## What to do:
Report every line in the records below that holds the word "Japanese".

## Data supplied:
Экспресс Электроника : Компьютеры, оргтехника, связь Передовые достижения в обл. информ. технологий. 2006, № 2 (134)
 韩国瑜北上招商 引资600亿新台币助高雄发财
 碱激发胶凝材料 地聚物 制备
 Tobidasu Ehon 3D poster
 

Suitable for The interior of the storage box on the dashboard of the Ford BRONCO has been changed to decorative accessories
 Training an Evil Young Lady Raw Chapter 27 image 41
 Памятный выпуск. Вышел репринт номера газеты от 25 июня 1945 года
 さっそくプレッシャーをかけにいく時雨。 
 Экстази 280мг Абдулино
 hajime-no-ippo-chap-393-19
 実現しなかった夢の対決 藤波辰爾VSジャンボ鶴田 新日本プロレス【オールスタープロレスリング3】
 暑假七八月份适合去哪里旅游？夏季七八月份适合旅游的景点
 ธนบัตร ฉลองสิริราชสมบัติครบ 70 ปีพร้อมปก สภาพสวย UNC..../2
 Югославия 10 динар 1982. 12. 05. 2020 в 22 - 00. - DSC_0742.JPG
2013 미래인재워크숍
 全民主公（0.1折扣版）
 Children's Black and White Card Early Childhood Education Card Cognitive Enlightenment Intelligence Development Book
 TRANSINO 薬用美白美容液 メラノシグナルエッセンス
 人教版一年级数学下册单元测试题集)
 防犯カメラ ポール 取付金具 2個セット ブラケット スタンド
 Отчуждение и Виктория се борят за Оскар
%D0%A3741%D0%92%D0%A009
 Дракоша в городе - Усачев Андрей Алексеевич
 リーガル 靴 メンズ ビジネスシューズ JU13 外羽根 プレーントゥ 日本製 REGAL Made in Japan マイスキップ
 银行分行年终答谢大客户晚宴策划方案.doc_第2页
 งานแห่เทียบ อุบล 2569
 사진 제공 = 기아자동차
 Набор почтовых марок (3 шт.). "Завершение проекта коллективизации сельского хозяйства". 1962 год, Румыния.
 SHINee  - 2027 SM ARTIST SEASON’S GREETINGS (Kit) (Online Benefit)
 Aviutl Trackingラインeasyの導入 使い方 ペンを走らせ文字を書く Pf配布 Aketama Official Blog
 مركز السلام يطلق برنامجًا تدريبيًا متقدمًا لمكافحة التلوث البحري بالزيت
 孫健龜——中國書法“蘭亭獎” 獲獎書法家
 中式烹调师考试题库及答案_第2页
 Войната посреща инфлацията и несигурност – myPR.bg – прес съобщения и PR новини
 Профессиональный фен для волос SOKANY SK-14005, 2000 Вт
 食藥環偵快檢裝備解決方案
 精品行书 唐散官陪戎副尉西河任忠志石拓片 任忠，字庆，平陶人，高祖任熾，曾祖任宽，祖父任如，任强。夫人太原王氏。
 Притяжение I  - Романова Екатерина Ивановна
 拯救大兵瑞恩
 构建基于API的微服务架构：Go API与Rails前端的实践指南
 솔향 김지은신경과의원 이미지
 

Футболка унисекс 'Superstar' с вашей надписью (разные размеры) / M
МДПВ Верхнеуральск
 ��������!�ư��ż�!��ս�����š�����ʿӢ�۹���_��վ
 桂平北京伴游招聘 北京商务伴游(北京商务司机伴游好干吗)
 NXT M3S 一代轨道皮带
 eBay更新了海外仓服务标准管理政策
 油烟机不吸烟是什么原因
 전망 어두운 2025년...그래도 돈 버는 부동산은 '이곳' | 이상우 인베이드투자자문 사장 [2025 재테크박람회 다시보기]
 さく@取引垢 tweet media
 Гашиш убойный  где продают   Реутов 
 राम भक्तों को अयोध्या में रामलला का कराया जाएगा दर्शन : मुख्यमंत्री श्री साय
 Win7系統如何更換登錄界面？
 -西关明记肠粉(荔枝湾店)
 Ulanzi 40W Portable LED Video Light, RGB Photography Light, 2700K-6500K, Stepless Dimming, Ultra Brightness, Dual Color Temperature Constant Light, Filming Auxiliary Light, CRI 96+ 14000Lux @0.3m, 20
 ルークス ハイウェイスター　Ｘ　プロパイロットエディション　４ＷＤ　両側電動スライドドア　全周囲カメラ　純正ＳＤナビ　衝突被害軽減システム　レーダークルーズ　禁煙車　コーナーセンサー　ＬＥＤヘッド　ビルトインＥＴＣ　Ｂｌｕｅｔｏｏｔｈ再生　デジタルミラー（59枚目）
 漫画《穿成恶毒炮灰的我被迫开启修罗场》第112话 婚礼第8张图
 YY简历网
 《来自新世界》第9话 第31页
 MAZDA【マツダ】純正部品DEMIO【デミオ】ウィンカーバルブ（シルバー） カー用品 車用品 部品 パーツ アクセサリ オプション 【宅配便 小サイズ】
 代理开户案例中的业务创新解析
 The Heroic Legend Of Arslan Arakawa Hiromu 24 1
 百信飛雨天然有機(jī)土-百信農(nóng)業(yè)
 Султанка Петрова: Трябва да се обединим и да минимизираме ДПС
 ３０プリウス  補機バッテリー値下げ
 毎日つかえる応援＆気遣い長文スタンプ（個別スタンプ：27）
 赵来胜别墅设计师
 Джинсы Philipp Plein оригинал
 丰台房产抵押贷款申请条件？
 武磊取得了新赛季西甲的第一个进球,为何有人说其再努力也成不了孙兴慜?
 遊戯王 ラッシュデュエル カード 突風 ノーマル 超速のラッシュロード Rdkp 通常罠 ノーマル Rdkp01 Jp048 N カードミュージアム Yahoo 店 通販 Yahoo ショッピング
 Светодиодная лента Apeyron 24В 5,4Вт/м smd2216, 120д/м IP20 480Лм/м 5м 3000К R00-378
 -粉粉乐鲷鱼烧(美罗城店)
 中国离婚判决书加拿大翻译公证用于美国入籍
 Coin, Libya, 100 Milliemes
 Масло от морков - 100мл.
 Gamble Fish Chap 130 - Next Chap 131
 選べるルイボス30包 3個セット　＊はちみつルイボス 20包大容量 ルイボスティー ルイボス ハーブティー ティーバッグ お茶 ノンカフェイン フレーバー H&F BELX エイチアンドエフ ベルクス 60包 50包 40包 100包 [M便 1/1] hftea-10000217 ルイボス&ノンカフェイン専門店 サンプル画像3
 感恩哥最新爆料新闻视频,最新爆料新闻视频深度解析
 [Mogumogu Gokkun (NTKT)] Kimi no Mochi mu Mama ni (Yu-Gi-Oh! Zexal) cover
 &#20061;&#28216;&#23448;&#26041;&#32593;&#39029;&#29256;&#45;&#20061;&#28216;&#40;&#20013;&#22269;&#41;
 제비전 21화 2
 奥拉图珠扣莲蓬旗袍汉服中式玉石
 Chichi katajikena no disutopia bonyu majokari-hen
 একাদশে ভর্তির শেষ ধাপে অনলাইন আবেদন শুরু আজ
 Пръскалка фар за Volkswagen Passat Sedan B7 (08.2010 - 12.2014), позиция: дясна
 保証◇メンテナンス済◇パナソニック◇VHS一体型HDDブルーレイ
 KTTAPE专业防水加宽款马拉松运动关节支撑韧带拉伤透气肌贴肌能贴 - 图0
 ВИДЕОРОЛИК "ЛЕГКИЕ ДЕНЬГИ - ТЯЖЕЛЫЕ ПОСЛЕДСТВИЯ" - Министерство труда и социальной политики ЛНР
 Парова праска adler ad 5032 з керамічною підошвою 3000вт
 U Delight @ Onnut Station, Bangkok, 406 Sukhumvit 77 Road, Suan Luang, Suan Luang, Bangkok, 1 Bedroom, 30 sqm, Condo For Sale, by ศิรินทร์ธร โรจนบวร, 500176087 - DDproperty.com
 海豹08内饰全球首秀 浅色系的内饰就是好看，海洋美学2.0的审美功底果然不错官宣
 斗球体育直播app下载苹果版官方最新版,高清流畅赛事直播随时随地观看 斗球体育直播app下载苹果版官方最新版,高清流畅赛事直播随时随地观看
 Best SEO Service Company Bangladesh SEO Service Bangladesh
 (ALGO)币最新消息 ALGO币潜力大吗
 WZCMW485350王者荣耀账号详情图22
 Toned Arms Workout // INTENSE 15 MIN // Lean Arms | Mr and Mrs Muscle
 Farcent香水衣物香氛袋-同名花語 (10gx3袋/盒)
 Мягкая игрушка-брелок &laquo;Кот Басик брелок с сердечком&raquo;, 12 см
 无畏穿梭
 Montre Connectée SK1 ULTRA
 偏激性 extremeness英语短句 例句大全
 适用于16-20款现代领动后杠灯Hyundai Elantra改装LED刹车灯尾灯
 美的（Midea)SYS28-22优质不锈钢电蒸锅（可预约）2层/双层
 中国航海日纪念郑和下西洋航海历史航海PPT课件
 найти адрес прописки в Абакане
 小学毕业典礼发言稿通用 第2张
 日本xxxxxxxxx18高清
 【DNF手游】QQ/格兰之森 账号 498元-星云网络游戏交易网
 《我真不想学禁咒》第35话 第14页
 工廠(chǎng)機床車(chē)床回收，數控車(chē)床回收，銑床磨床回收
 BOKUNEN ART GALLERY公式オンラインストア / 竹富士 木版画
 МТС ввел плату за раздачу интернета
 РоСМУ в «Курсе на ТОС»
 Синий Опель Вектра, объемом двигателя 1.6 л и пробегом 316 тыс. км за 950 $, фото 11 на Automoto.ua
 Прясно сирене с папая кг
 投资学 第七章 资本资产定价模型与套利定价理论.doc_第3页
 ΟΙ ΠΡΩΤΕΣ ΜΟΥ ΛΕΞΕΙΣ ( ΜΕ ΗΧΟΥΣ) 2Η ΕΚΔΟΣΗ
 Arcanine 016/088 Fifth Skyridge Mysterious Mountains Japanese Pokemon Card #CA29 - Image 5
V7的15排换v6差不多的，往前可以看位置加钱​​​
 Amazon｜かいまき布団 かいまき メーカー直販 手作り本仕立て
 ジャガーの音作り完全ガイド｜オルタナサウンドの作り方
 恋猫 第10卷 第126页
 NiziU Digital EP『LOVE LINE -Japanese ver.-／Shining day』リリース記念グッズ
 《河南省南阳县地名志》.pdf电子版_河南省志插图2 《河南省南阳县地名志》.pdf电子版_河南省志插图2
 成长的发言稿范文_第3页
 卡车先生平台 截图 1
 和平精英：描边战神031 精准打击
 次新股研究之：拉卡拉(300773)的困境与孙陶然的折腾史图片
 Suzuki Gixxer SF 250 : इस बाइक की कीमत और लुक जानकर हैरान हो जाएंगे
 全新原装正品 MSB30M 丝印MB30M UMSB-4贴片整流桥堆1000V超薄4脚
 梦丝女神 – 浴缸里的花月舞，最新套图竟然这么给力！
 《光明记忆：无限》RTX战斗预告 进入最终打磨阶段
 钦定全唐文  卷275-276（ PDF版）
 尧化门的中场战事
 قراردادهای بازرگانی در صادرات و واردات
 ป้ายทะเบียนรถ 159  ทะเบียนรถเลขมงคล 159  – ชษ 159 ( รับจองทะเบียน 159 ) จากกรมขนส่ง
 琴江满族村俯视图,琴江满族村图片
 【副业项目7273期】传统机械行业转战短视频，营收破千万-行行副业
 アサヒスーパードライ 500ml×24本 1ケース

## Task result:
 Arcanine 016/088 Fifth Skyridge Mysterious Mountains Japanese Pokemon Card #CA29 - Image 5
 NiziU Digital EP『LOVE LINE -Japanese ver.-／Shining day』リリース記念グッズ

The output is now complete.